In it’s history, computing has gone through a cycle of consolidation. It’s been described before as a “Mainframe -> Personal Computer -> Mainframe” loop. Compute was originally in the hands of IBM, followed by a (still somewhat enjoyed) period of personal computer sovereignty, to today’s landscape of AWS and Azure data mega-warehouses accessed by low powered chromebooks. This seems to be due to both technological constraints and unfortunately, socio-political manuevering.

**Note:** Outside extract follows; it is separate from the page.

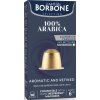 borbone 100 arabica nespresso 10 pcs best coffee cz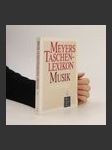 Meyers Taschenlexikon A-Gd : Musik 1 - náhled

I’m hopeful for a similar but different trajectory for advanced machine learning models. Obviously, the creation of a true general artificial intelligence would be an unprecedented event in human history. The first mover advantage would be completely insurmountable. But maybe it’s possible for large models, with a combination of hardware advances, code optimization, and sufficient specialization, to reach a goldilocks zone where it’s possible for individuals to perform meaningful compute with them.

AI image generation, currently riding a wave of hype, is a walled garden. Models like DALL-E and MidJourney consume an absolutely gargantuan amount of compute. David Holz, CEO of MidJourney, said in one of his office hour sessions that their project was using ~1% of available GPU’s on their (major) cloud provider. As these tools gain more traction, these issues may increasingly face scaling issues.

Getting large modals into the hands of inviduals, if possible, will be key in gaining data sovereignty.